The plaintiff filed a complaint on July 24, 1998, alleging that the defendant was negligent in failing (1) to exercise reasonable care when operating the plumber's torch, (2) to take reasonable precautions to protect against the ignition of combustible materials in the area where the welding operations occurred and (3) to comply with the applicable codes or standards in using the torch. The plaintiff alleged that the resulting damage to the Commons was caused by the defendant's failure to perform its services in a reasonable and workmanlike manner. Because the plaintiff insured the Commons for the loss caused by the fire, it was subrogated to the Common's rights. In its answer filed on March 17, 1999, the defendant denied the negligence claim but did not raise any special defenses.
On October 30, 2007, the plaintiff filed motions to preclude the defendant from offering the expert testimony of Kevin Wypychoski, the defendant's president and chief executive officer, and Harwood W. Loomis, an architect licensed in Connecticut with a consulting practice in building codes, who had issued a report. Before the trial commenced, the court granted the plaintiff's motion in limine with regard to Wypychoski, concluding that he could, however, testify as a fact witness. The court allowed the testimony of Loomis, subject to the plaintiff's renewing its motion at the close of evidence but ultimately granted the plaintiff's motion and, thus, did not consider Loomis' testimony in arriving at a decision. The trial occurred over three days-from October 31 to November 2, 2007. The following people testified: Peter Buonome, a marshal with the Branford fire department; Holmes; Kenneth Wheeler, a claims adjuster representing the plaintiff; Donald McCarthy, a president of the Commons at the time of the fire; and Loomis.

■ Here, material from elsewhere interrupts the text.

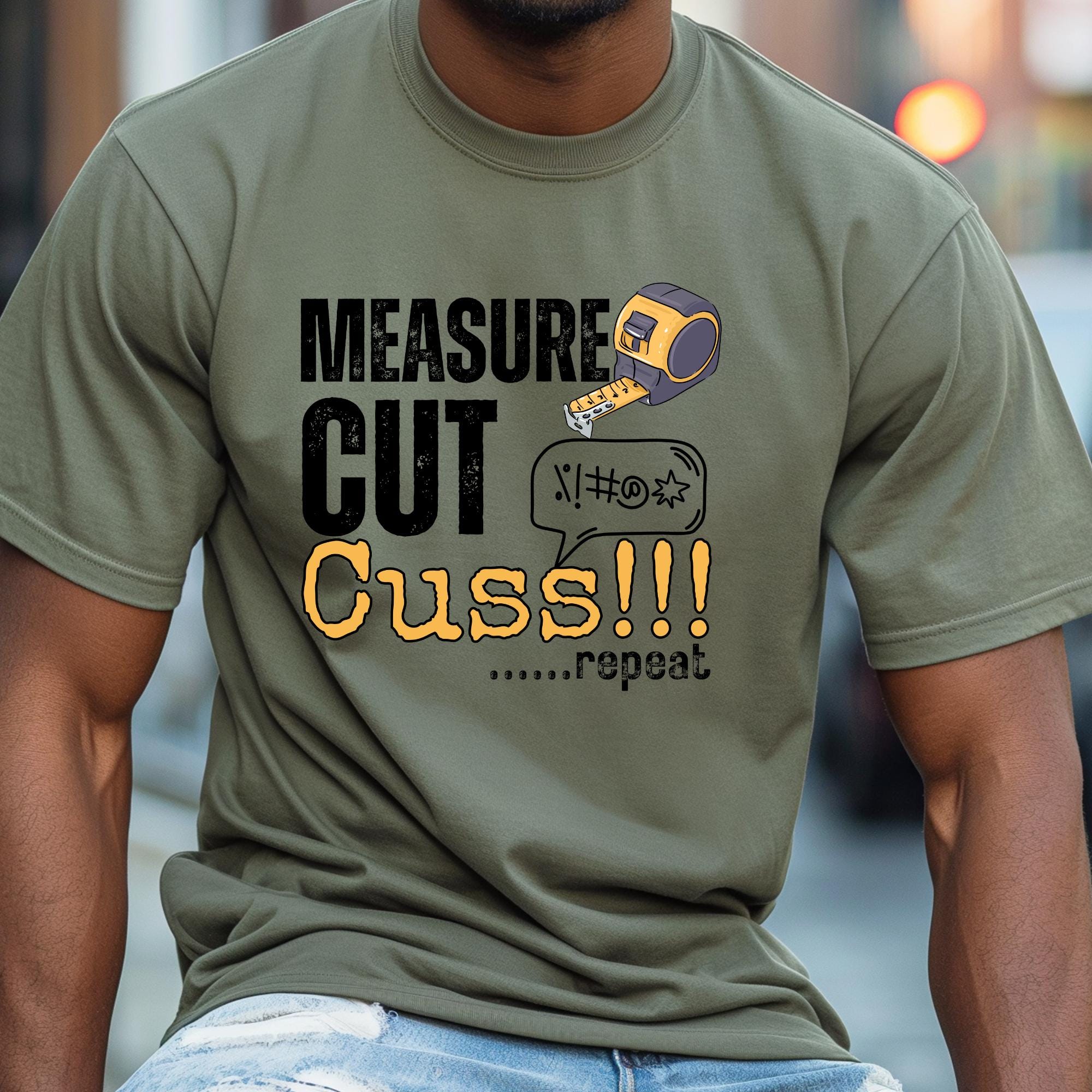 Measure Cut Cuss Shirt for Woodworking Dads, Funny Woodworker Tee, Carpenter Gift, Comfort Colors T-Shirt, Gift for DIY Dad, Funny Dad Tee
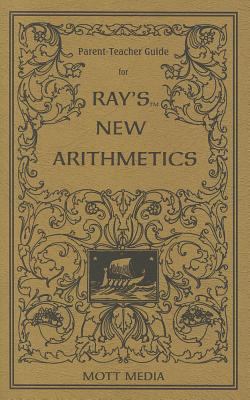 Parent-Teacher Guide for Ray's New Arithmetics 0880620714 Book Cover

The court issued its memorandum of decision on August 12, 2008. In its decision, the court concluded that the plaintiff paid $664,373.02 to the Commons to cover its loss from the fire and that this was a fair and reasonable amount for which the plaintiff received a subrogation receipt. The court rejected as without merit the defendant's argument that the damages amount was a mere approximation. After providing its reasoning for precluding Loomis' expert testimony, the court then went on to determine, on the basis of the evidence adduced at trial, that “the defendant was negligent in one or more of the following respects in that Holmes, the employee of the defendant, was negligent in that he failed to exercise reasonable care in operating the welding torch and in that he failed to protect against ignition of the combustible materials in the area where he was welding. Holmes should have ensured that all of the insulation was removed before he started to solder. The court concludes that the defendant's employee was the proximate cause of the fire. The court, therefore, awards judgment in favor of the plaintiff to recover the sum of $664,373.02 plus interest at 6 [percent] from the date of July 9, 1997, when [the plaintiff] received the subrogation receipt.” In turn, the defendant filed the present appeal. Additional facts will be set forth as necessary.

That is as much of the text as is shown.